Leaving out the images, reproduce every line of the data that follows exactly.

*** Input records

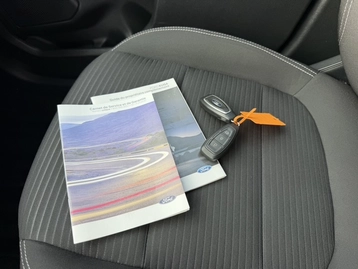 Image véhicule Ford KUGA (26) Image véhicule Ford KUGA (26)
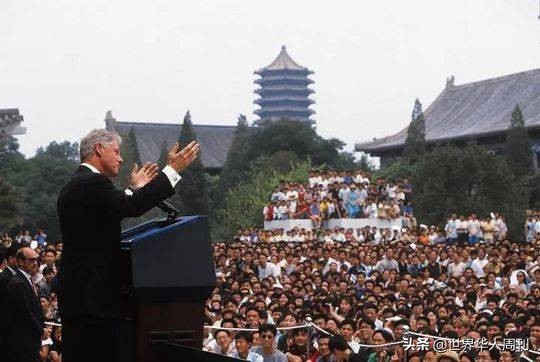 23年前，北大女孩当众回怼美国前总统，后来却被国人骂惨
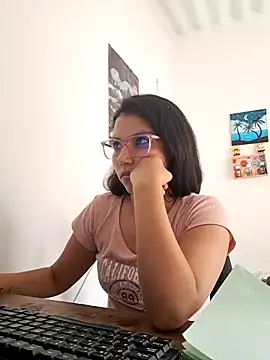 HannaKlein online show from 02-17-25, 07:01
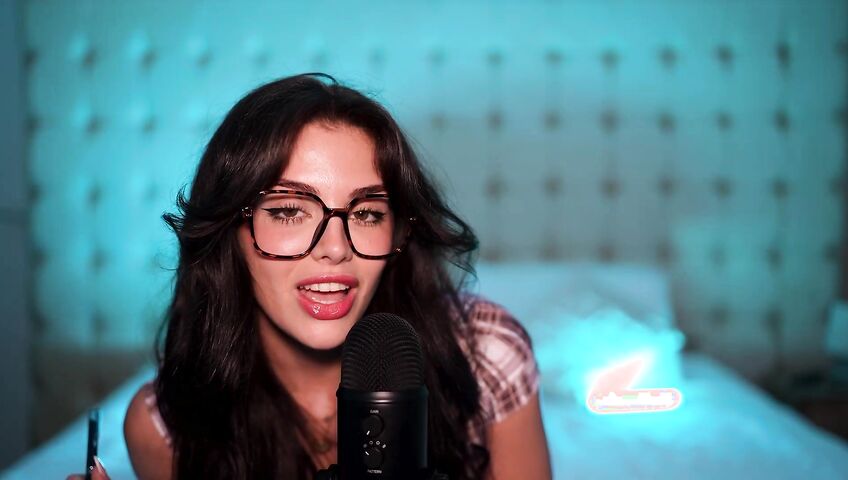 asmr general knowledge quiz... (each question gets harder)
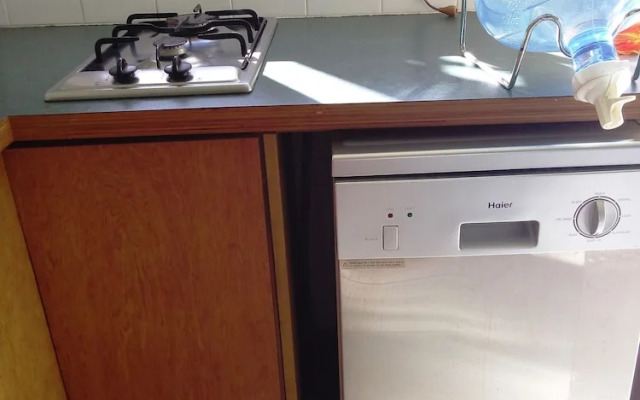 Avana Waterfront Apts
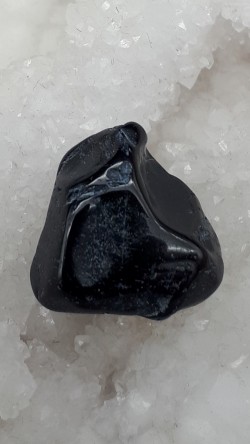 Spinelle noire brute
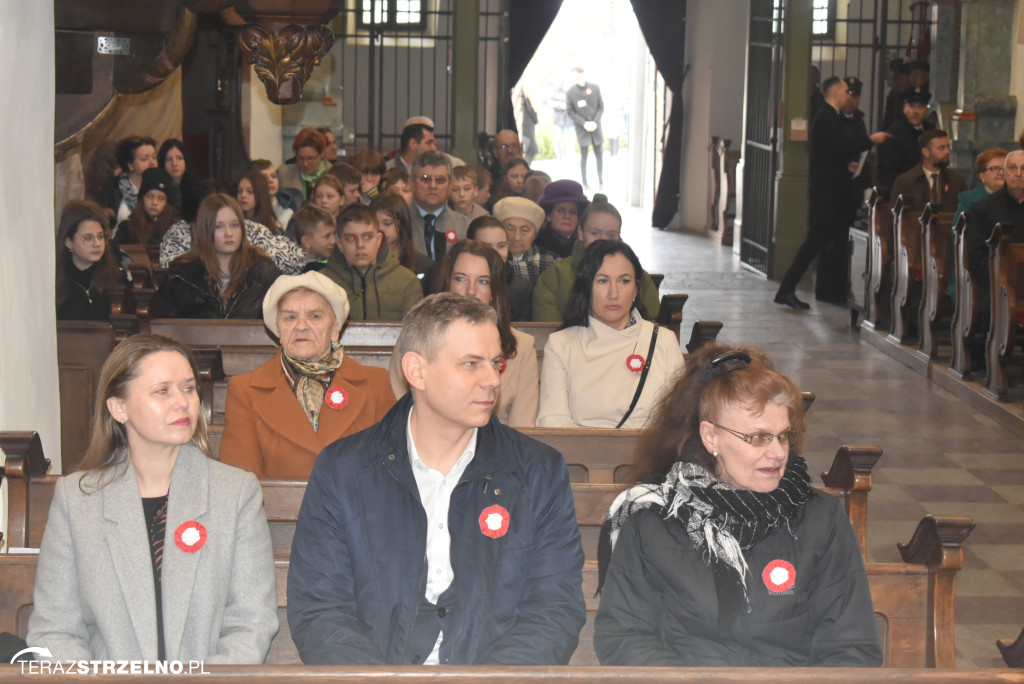 Uroczystość upamiętnienia zamordowanego w Strzelnie Żołnierza Niezłomnego  - Leona Wesołowskiego ps. Wichura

******

**Answer:**
 Image véhicule Ford KUGA (26) Image véhicule Ford KUGA (26)
 23年前，北大女孩当众回怼美国前总统，后来却被国人骂惨
 HannaKlein online show from 02-17-25, 07:01
 asmr general knowledge quiz... (each question gets harder)
 Avana Waterfront Apts
 Spinelle noire brute
 Uroczystość upamiętnienia zamordowanego w Strzelnie Żołnierza Niezłomnego  - Leona Wesołowskiego ps. Wichura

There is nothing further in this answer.